Eglises d'Asie – Philippines
Le renouvellement d’une partie du Congrès, à la suite des élections du 10 mai 2004, rouvre le débat sur l’abolition de la peine de mort
Publié le 18/03/2010
Le P. Roberto Olaguer, aumônier au pénitencier national de Muntinlupa, où la chambre d’exécution par injection létale est située, s’est réjoui du report des exécutions. “Bien entendu, les condamnés ont accepté avec soulagement le décret présidentiel, a-t-il déclaré, mais naturellement ils souhaitent que la présidente commue leur peine en prison à vie, plutôt que de vivre sous la menace constante d’une prochaine exécution.” Selon lui, il faut attendre de voir comment les nouveaux élus au Congrès vont se positionner sur la question de la peine de mort. Le 10 mai dernier, les électeurs philippins ont élu leur président et leur vice-président ainsi que 12 des 24 membres du Sénat et la totalité de la Chambre des représentants.
Pour l’heure, la Coalition contre la peine de mort, collectif réunissant diverses organisations, dont l’Eglise catholique, militant contre la peine capitale, cherche à identifier les positions des nouveaux élus. Selon le P. Olaguer, la difficulté vient du fait qu’“un jour, ils sont pour (l’abolition) et le lendemain ils sont contre”.
L’histoire récente de la peine capitale aux Philippines est émaillée de revirements. En 1987, à l’occasion d’amendements portés à la Constitution, la loi autorisant la peine de mort a été abolie. Puis, en 1993, le président Fidel Ramos a fait voter un texte la rétablissant et, en 1999, un premier condamné a été exécuté. Il sera suivi par six autres.

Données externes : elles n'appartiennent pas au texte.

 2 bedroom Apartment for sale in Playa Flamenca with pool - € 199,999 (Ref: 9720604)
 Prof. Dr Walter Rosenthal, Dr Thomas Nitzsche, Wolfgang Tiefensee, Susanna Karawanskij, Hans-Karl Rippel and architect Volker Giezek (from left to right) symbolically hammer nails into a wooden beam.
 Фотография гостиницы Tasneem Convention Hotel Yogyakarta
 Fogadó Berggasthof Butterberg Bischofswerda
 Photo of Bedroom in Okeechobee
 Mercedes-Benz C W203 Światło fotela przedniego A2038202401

En mars 2000 (1), suivant l’avis de son conseiller spirituel, Mgr Teodoro Bacani, le président Joseph Estrada a déclaré un moratoire sur les exécutions, geste justifié par le Jubilé de l’An 2000 et confirmé en octobre 2002 par Gloria Arroyo, devenue entre temps présidente (2). Aucune nouvelle condamnation à mort n’a été faite depuis, malgré la levée du moratoire en décembre 2003 par la présidente Arroyo qui a déclaré à cette date que la peine de mort s’appliquerait désormais aux violeurs et aux kidnappeurs (3). En janvier de cette année, la Cour suprême a ordonné la suspension in extremis de l’exécution de deux condamnés, après que de nouveaux éléments de nature à changer l’issue de leur procès furent apparus (4).

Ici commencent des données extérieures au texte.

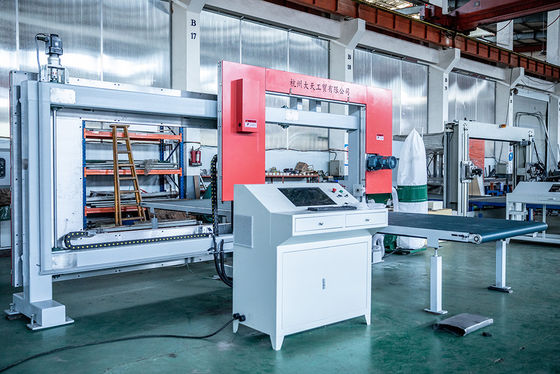 Διπλή CNC PU λεπίδων τέμνουσα μηχανή αφρού για EPS τη φαινόλη PVC EVA PE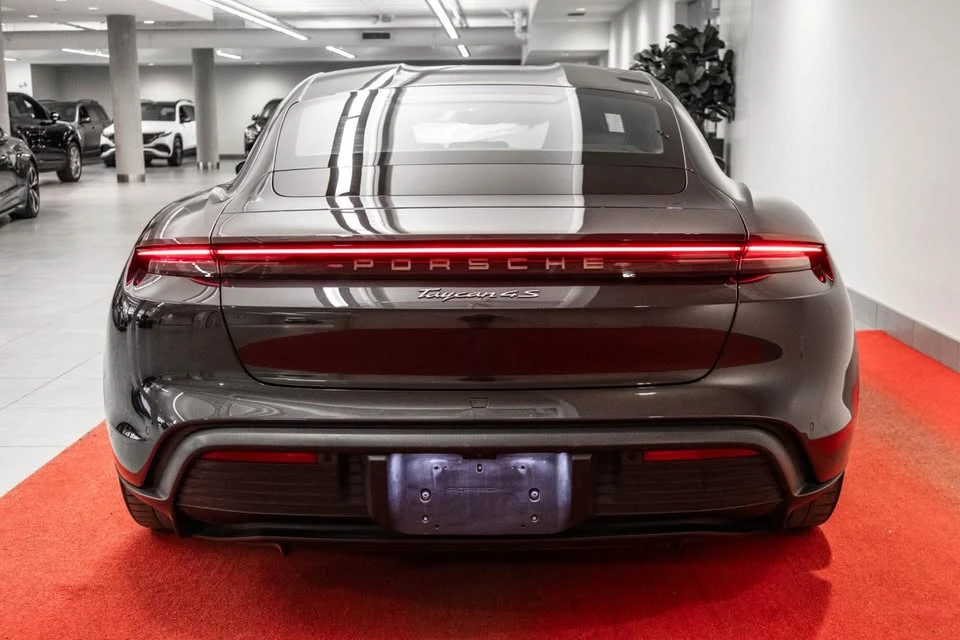 2022 Porsche Taycan - Image 7 of 10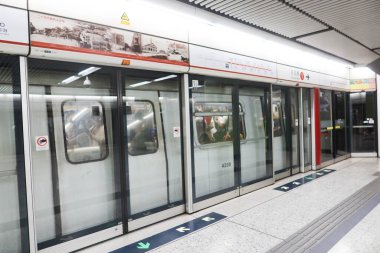 Ürdün, Hong Kong - 24 Ağustos 2024: Mass Transit tren platformu tren geldi ve tren kapısı açıldı. Trenden inen yolcular. Tsuen Wan Hattı (Kırmızı Hat)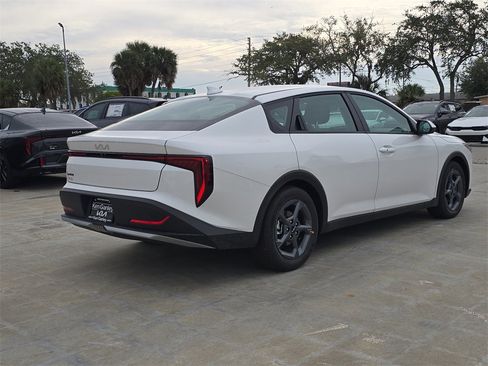 New 2025 Kia K4 LXS image 8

Pour le P. Olaguer, les évêques catholiques philippins se sont clairement prononcés pour l’abolition de la peine de mort (5). Cependant, ils souhaitent agir aujourd’hui dans une relative discrétion afin de ne pas “enrager” les partisans de la peine capitale, prompts à mettre en avant la souffrance des proches des victimes. S’agissant de la présidente, le prêtre estime que les exécutions seront repoussées tant que le Congrès ne se sera pas prononcé. Après cela, “la présidente pourra alors dire que, quelle que soit son opinion sur la question, elle doit suivre la voix du législateur”. Récemment, Mgr Pedro Arigo, évêque de Palawan et président de la Commission épiscopale pour la pastorale des prisons, a écrit à Gloria Arroyo pour lui demander d’abolir la peine capitale et de donner une chance aux condamnés de se convertir. A ce jour, 1 025 détenus ont reçu une condamnation à mort, sentence qui doit être confirmée par la Cour suprême pour devenir effective. De 1995 à 1999, la Cour suprême a étudié 175 cas et confirmé le châtiment suprême pour 24 condamnés.